Within the framework of funds, to obtain the necessary means for activity and ensure the Party’s financial independence, it is necessary to:

  • harness existing potential to expand financial capacity and to implement measures based on rigorous management, which will increase our own revenues, control expenditure, reduce the dependence of regional organizations on central assistance and expand the number of organizations that contribute to the Party’s general activity, reducing the relative weight of institutional and extraordinary revenues without underestimating their importance in overall revenues;
  • give priority to Party dues, which is the most regular and stable source of income in financing the Party; expanding our own revenues; taking measures to significantly increase the number of comrades that pay dues; talking to each Party member about the importance of having their dues up to date and increasing their monthly value – regardless of the reference target of 1% of income for the monthly due; promoting the debate within each body; increasing the number of comrades who collect dues; extending payments by direct debit and monitoring its implementation;
  • also important towards increasing our own revenues are fund-raising initiatives and campaigns; contributions from militants and sympathizers for specific purposes or general needs; the contributions of elected officials and other comrades in public office, in compliance with the statutory principle of neither being benefited nor hindered in the exercise of these posts;
  • ensure a rigorous and effective management and maintenance of the Party's assets;
  • broaden the discussion, improve leadership work, collective work, planning, programming and monitoring of implementation, assigning responsibilities to more comrades, creating and streamlining structures that guarantee rigour in management, financial and budgetary control, ensure regular accountability at all levels, as fundamental elements to overcome difficulties and shortcomings and to take advantage of opportunities;
  • promote the understanding that financial independence is a priority to which no organization and no Party member can be oblivious.

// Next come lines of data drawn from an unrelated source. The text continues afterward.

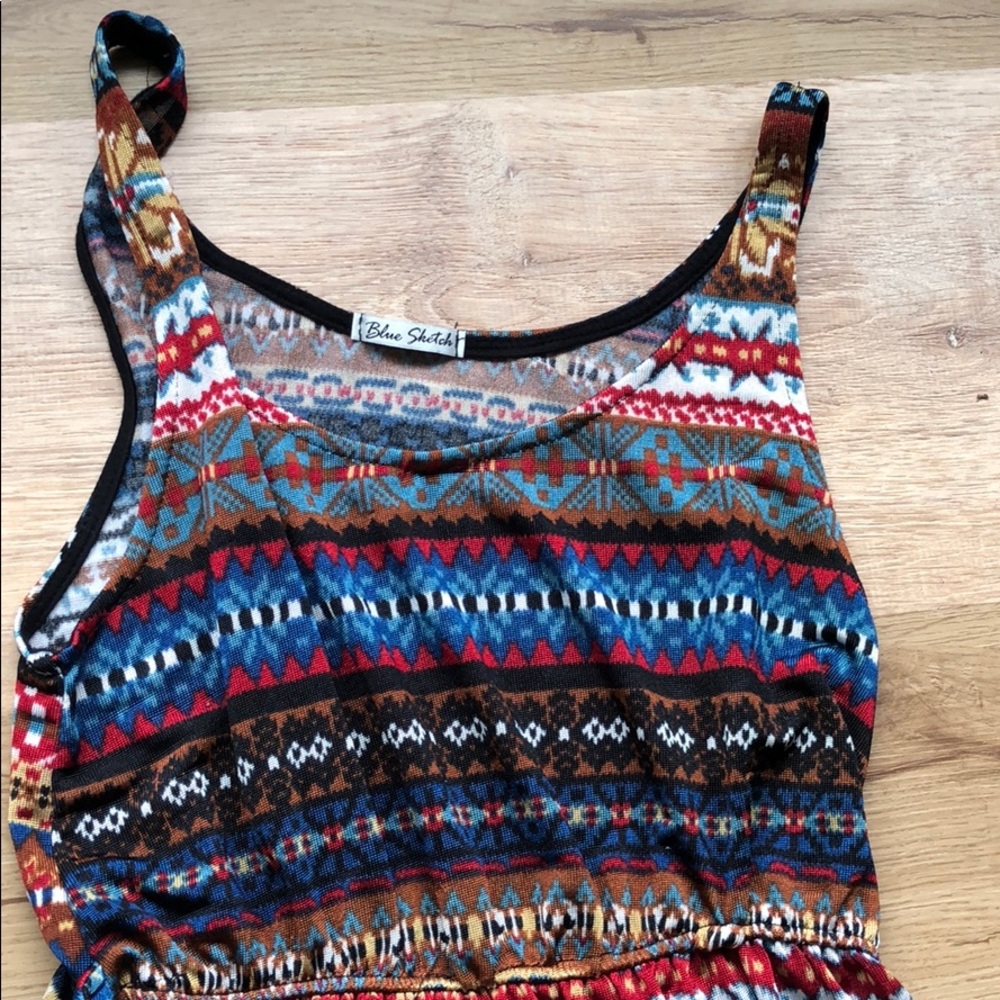 Patterned dress - Picture 2 of 3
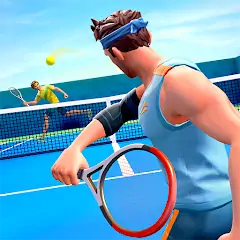 Скачать Tennis Clash: Multiplayer Game [Взлом Бесконечные деньги] APK на Андроид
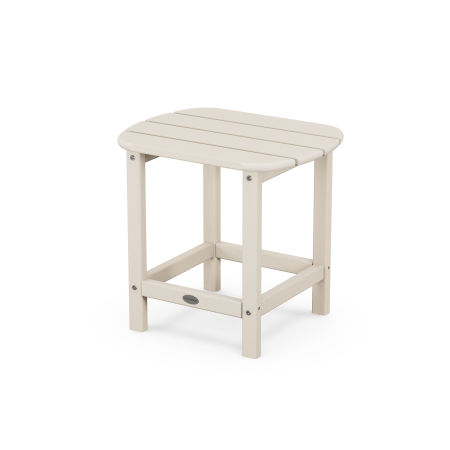 POLYWOOD 18" Side Table in Sand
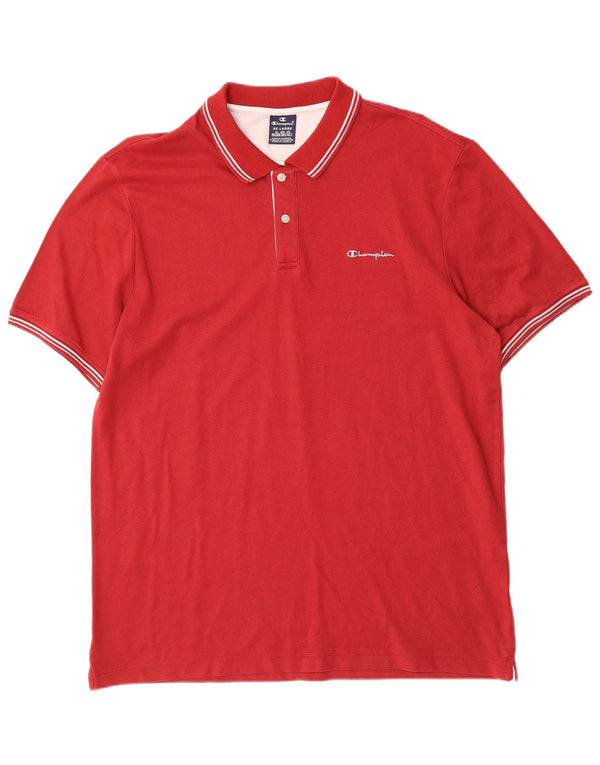 Polo da uomo CHAMPION 3XL Rossa
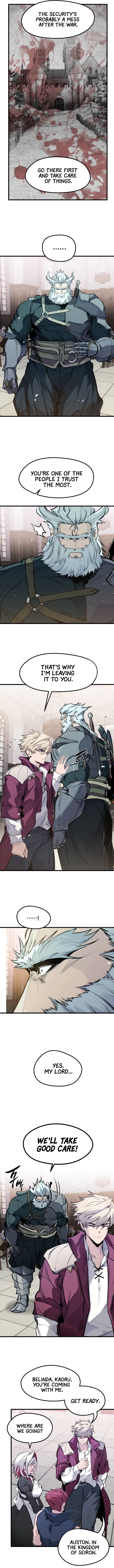 The Regressed Mercenary Has a Plan Chapter 45 - 8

As part of international activity and internationalist action, which is an inseparable element of the Party's identity, give priority to:

  • strengthen the international Communist and revolutionary movement and to strengthen the anti-imperialist front;
  • the struggle for peace and internationalist solidarity;
  • the struggle for the rights of the workers and peoples, against exploitation and oppression, for freedom, sovereignty, democracy, social progress and socialism.

★★★

The XXII Congress affirms its confidence in the strength and capacity of the workers and the people to confront a reality that is marked by growing instability and a worsening international situation, and with a domestic situation where there are projects to intensify policies at the service of monopoly capital and to promote backward and reactionary conceptions that threaten rights, living standards and democracy.

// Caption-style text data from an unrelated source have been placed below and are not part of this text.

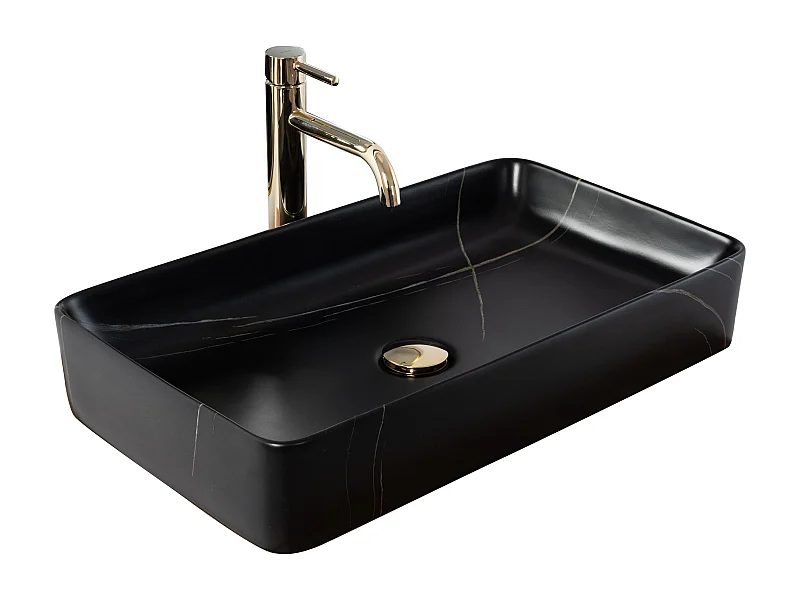 Vasque À Poser Rea Denisstone Black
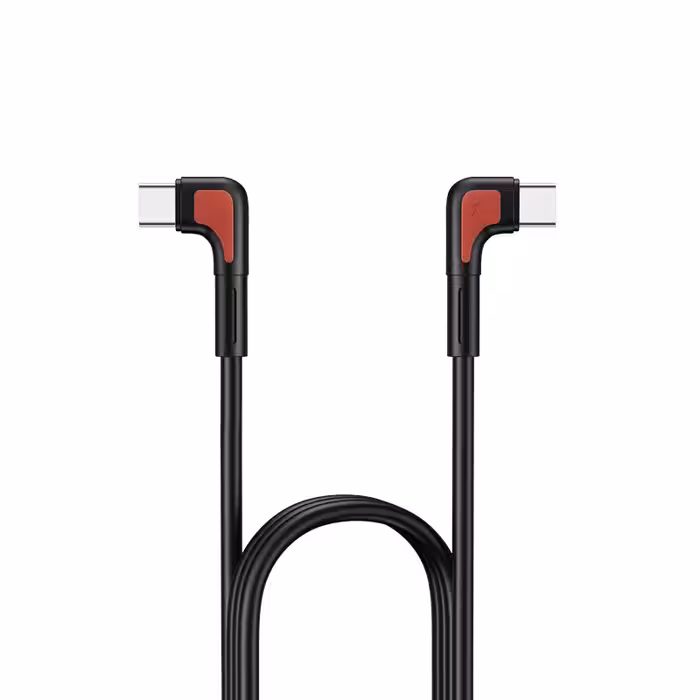 کابل USB-C ریمکس مدل RC 181t -90 degree طول 1 متر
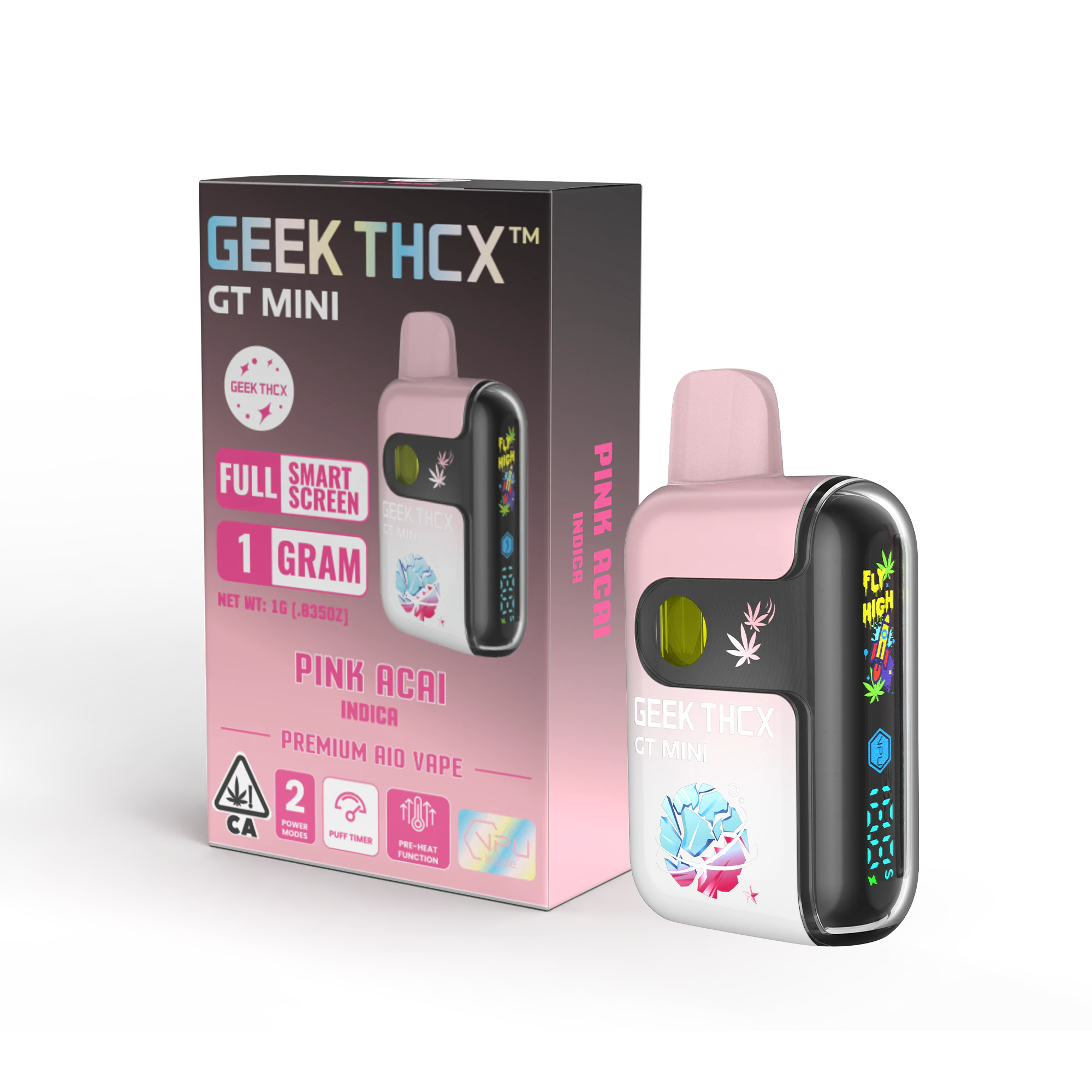 Geek Thcx - GEEK THCX - 1g AIO - Pink Acai Main Image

These are times of resistance and struggle in which the Party, the workers and the people are called upon to assert the values of April, paving the way for a Portugal with a future, inseparable from the activity to break with right-wing policies and to build a patriotic and left-wing political alternative.

These are times to face reality, with courage, determination and initiative. With the confidence of those who, with over one century of activity, know that that the condition for resisting, advancing and winning lies in the struggle of the workers and people, and in the PCP's decisive role.

These are times to take the initiative, for April, for democracy, for Socialism and Communism.